#### [Data for processing]

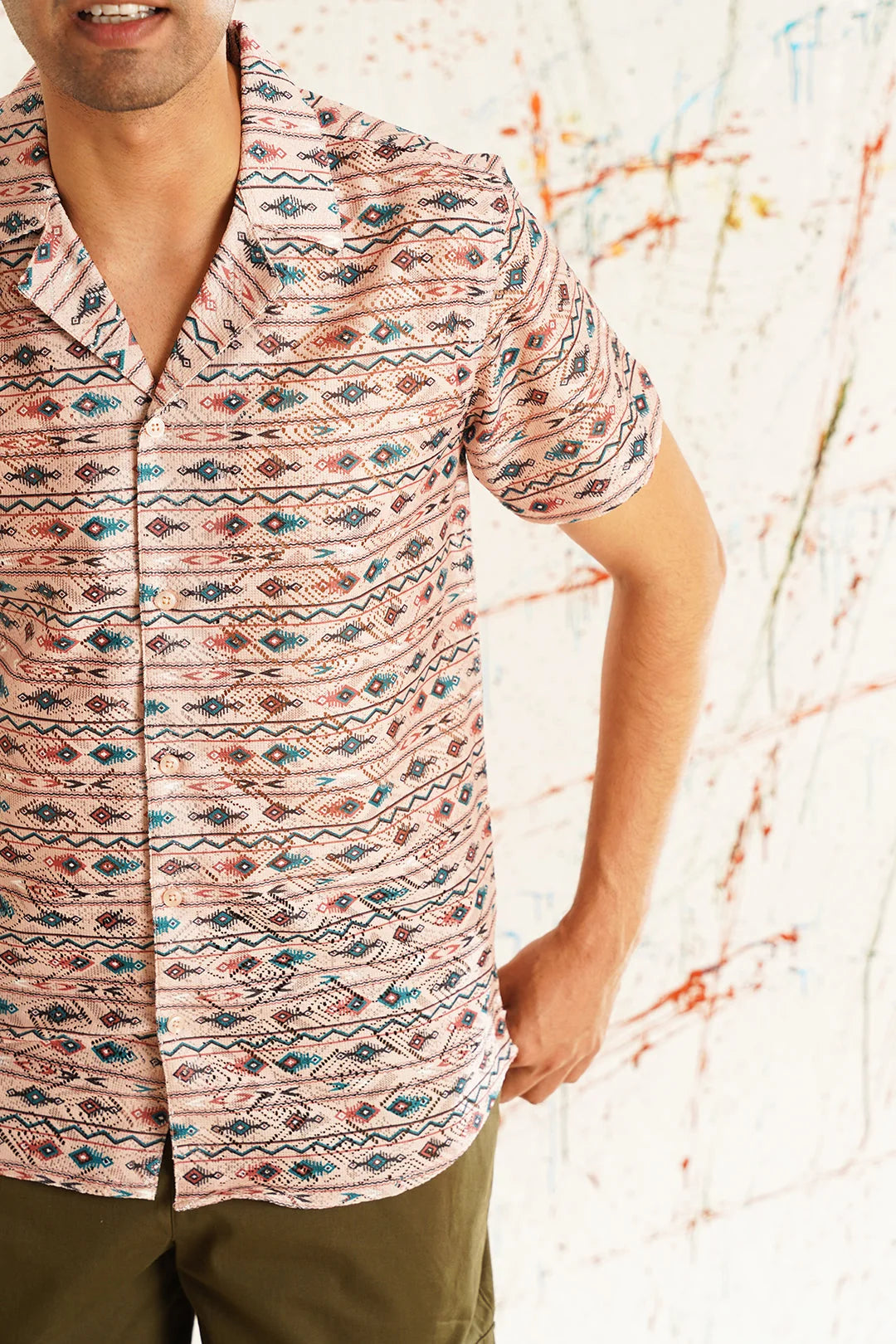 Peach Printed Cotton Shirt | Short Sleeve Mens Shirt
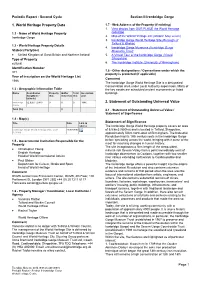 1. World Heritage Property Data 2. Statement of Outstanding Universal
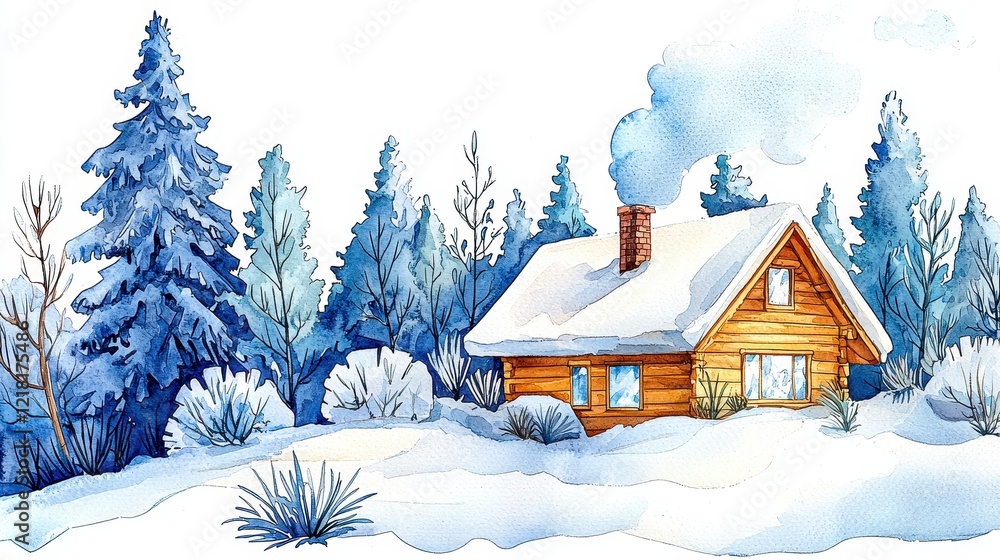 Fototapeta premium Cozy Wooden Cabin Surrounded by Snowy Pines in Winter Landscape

==

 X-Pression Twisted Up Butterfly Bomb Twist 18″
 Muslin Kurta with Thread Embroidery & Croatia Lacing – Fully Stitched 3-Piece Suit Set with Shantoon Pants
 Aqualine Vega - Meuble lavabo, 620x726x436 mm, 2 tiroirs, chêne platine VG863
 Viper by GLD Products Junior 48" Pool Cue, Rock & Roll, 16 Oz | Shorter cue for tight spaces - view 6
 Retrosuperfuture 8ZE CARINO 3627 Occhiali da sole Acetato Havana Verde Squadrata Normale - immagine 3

#### [What to do]
Considering only the material above, set down every line from the one with "Aqualine Vega - Meuble" to the one with "Retrosuperfuture 8ZE CARINO", inclusive, exactly as written.

#### [Exercise output]
 Aqualine Vega - Meuble lavabo, 620x726x436 mm, 2 tiroirs, chêne platine VG863
 Viper by GLD Products Junior 48" Pool Cue, Rock & Roll, 16 Oz | Shorter cue for tight spaces - view 6
 Retrosuperfuture 8ZE CARINO 3627 Occhiali da sole Acetato Havana Verde Squadrata Normale - immagine 3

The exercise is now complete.